Started By
Message

WFDT

Posted on 9/21/15 at 5:19 pm
Posted by OTIS2
NoLA
Member since Jul 2008
50118 posts
Posted on 9/21/15 at 5:19 pm
Leftovers...Schezuan Beef from Nine Dragon Noodle House...the hottest entree' dish I have ever eaten in my life. It's very good...it's a real gut check.
Posted by Coater
Madison, MS
Member since Jun 2005
33062 posts
Posted on 9/21/15 at 5:20 pm to
maybe taking the kids to pizza inn buffet after soccer
Posted by MSCoastTigerGirl
Baton Rouge
Member since Dec 2008
35525 posts
Posted on 9/21/15 at 5:42 pm to
Vodka and V8 fruit fusion

Posted by Ole Geauxt
KnowLa.
Member since Dec 2007
50880 posts
Posted on 9/21/15 at 5:58 pm to
Leftover jambalaya, butter beans and ham hock, salad and buttermilk pie.
This post was edited on 9/21/15 at 6:00 pm
Posted by glassman
Next to the beer taps at Finn's
Member since Oct 2008
116125 posts
Posted on 9/21/15 at 6:01 pm to
quote:

Vodka and V8 fruit fusion


We have a clear winner at this point.
Posted by MSCoastTigerGirl
Baton Rouge
Member since Dec 2008
35525 posts
Posted on 9/21/15 at 6:04 pm to


It's been one of those days....


At least I'm getting my fruits and veggies.
Posted by jimbeam
University of LSU
Member since Oct 2011
75703 posts
Posted on 9/21/15 at 6:08 pm to
Reverse Sear NY strip.
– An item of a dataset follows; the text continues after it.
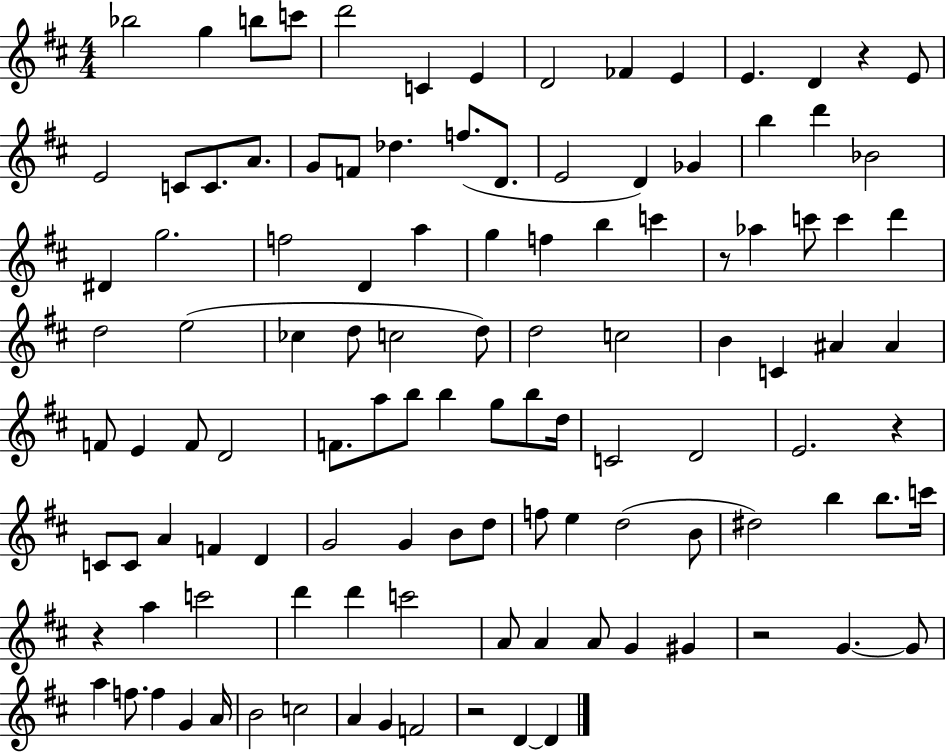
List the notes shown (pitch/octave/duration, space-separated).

Bb5/h G5/q B5/e C6/e D6/h C4/q E4/q D4/h FES4/q E4/q E4/q. D4/q R/q E4/e E4/h C4/e C4/e. A4/e. G4/e F4/e Db5/q. F5/e. D4/e. E4/h D4/q Gb4/q B5/q D6/q Bb4/h D#4/q G5/h. F5/h D4/q A5/q G5/q F5/q B5/q C6/q R/e Ab5/q C6/e C6/q D6/q D5/h E5/h CES5/q D5/e C5/h D5/e D5/h C5/h B4/q C4/q A#4/q A#4/q F4/e E4/q F4/e D4/h F4/e. A5/e B5/e B5/q G5/e B5/e D5/s C4/h D4/h E4/h. R/q C4/e C4/e A4/q F4/q D4/q G4/h G4/q B4/e D5/e F5/e E5/q D5/h B4/e D#5/h B5/q B5/e. C6/s R/q A5/q C6/h D6/q D6/q C6/h A4/e A4/q A4/e G4/q G#4/q R/h G4/q. G4/e A5/q F5/e. F5/q G4/q A4/s B4/h C5/h A4/q G4/q F4/h R/h D4/q D4/q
A little overcooked for y'all's liking i'm sure. A solid medium but good nonetheless
Posted by LSUballs
RayVegas LA
Member since Feb 2008
37748 posts
Posted on 9/21/15 at 6:13 pm to
Something in Asheville. Beers for certain.
Posted by SW2SCLA
We all float down here
Member since Feb 2009
22813 posts
Posted on 9/21/15 at 6:15 pm to
Potato soup
Posted by CorkSoaker
Member since Oct 2008
9784 posts
Posted on 9/21/15 at 6:31 pm to
Posted by thickandthin
In The Zone
Member since Apr 2009
1205 posts
Posted on 9/21/15 at 6:45 pm to
Red beans and rice with andouille and tasso from Teet's and smoked ham hock from local grocer. It rocks
Posted by Dandy Lion
Member since Feb 2010
50249 posts
Posted on 9/21/15 at 6:55 pm to
Green salad
Spinach, Garlic, Onion and Squash pizza
Posted by Martini
Near Athens
Member since Mar 2005
48840 posts
Posted on 9/21/15 at 7:03 pm to
Soft scrambled eggs, smoked salmon and my wife's homemade sourdough bread toasted with homemade salted butter.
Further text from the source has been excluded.